December 16, 2008
CONTACT: Jeffrey Gordon


Targets Benefits to Companies that Meet Rigorous Standards; Removes Those Who Do Not from Program

In a Time of Unprecedented Fiscal Challenge, State Must Focus Its Limited Resources on Investments that Produce Results

Governor David A. Paterson’s Executive Budget fundamentally reforms the Empire Zone program, putting in place rigorous standards to ensure that the State’s investment of tax incentives produces results and spurs economic development.

“This budget fundamentally reforms an Empire Zone program that is simply not getting the job done,” said Governor Paterson. “We will force each company that receives these benefits to pass rigorous standards and prove that they are keeping up their end of the bargain.

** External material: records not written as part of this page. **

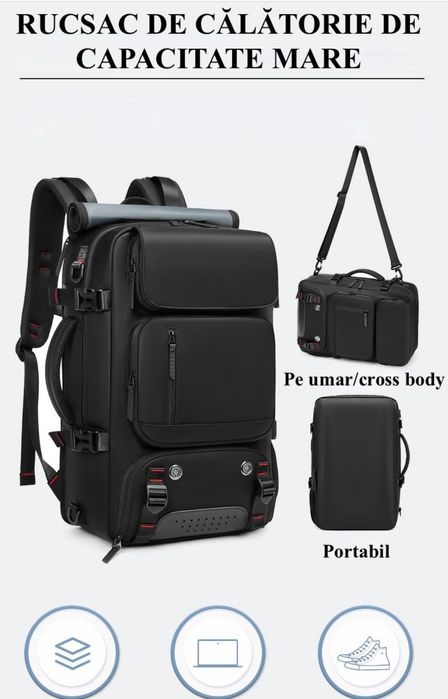Rucsac calatorie/laptop 16” full impermeabil, 35 l, 30x16x46 cm, Negru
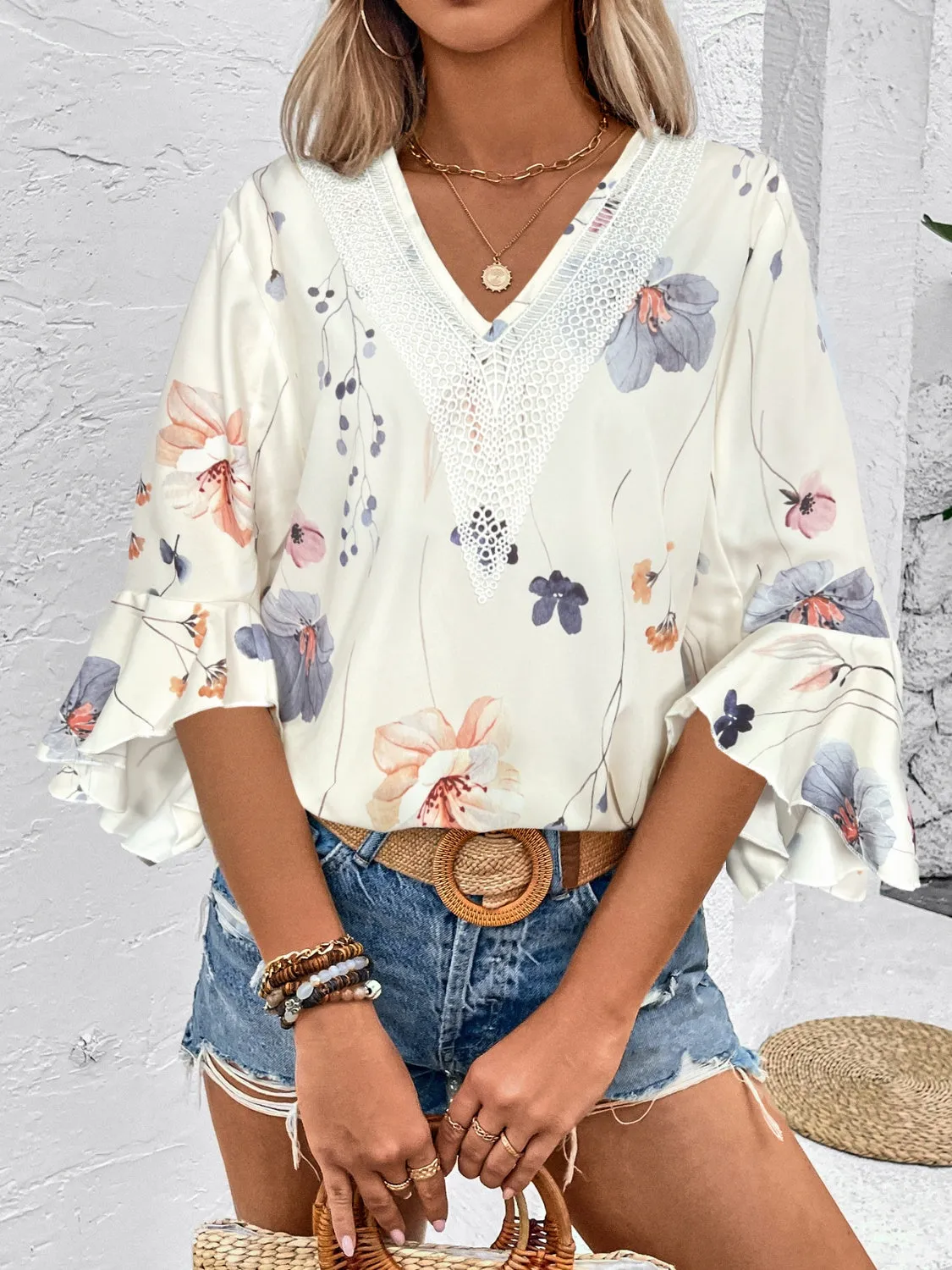Honey Ruffled Printed V-Neck Half Sleeve Blouse (4 Print Colors)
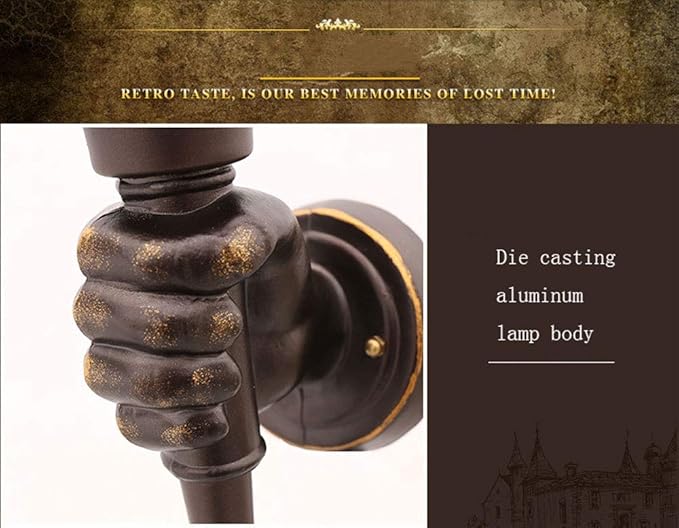 Creative Torch Hand Light Restaurant Cafe Bar Plug in/Wall Mount Wall Fitting Bracket Light Wall Lamp Porch Aisle Stair Bedroom Living Room Outdoor Garden Light Wall Lamp Sconce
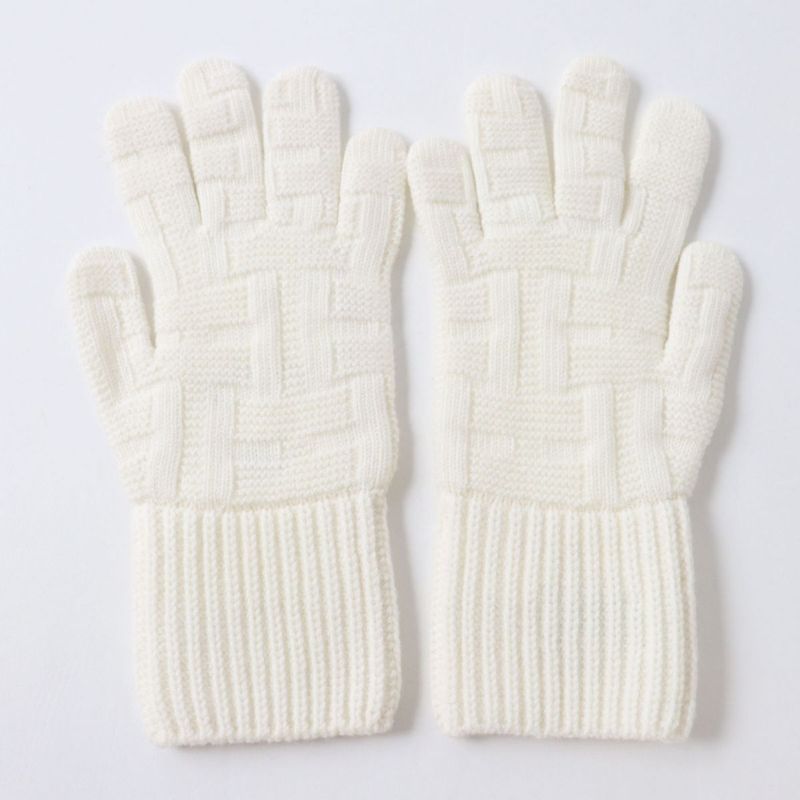 Hermes Women's 100% Wool Knit Gloves/gloves With Serie Plate H Pattern Knit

And if they fail to do so, they will be removed from the program. In a time of unprecedented fiscal difficulty, we cannot waste money on tax breaks for companies that fail to produce results. Just like any business, the State must demand a return on its investment.”

The Empire Zone program provides tax benefits to businesses for a ten-year period in return for creating jobs and investing in New York. In 2008, the Empire State Development Corporation put in place regulations that require all new program participants to demonstrate that they are producing at least $20 in actual investment and wages for every $1 in State tax incentives. Participants certified from 2005 to 2008 had to meet a 15:1 benefit/cost standard, and those certified prior to 2005 did not have to meet any set benefit-cost standard.

The Executive Budget proposal would require all Empire Zone program participants to meet the 20:1 benefit-cost standard. Only those that meet or exceed this standard will remain in the program.

Certain industry sectors such as utilities, retail, and real estate, which are engaged in activities that make them unlikely to relocate outside of the state, would also be excluded from applying for certification in the future. Current program participants from these sectors that meet or exceed the 20:1 standard would be allowed to continue in the program.

Empire Zone spending was previously projected to total $610 million in 2009-10. After these reforms, total tax expenditures for the program will be $338 million, a decline of $272 million in 2009-10. Savings will grow to $310 million when fully annualized. The new Empire Zone program will continue until its sunset date of June 30, 2011.

The Executive Budget recognizes the need to provide resources to invest in job creation, especially in our upstate communities. When fully effective, $100 million of savings from these Empire Zone reforms will become available for reinvestment through the following initiatives:

  • A new $50 million grant program known as the New York Growth, Achievement and Investment Strategy (GAINS) Fund, which will be targeted to job creation in strategic industries such as manufacturing, financial services, agri-business, high technology, and biotechnology;
  • Research and development tax credits totaling $50 million, including the expansion of a current benefit for qualified emerging technology companies (QETC), as a well as new R&D program. The new research and development credit will allow businesses that invest in innovation in New York, either at their own facilities or in partnership with colleges and universities in the state, to recoup a portion of their costs.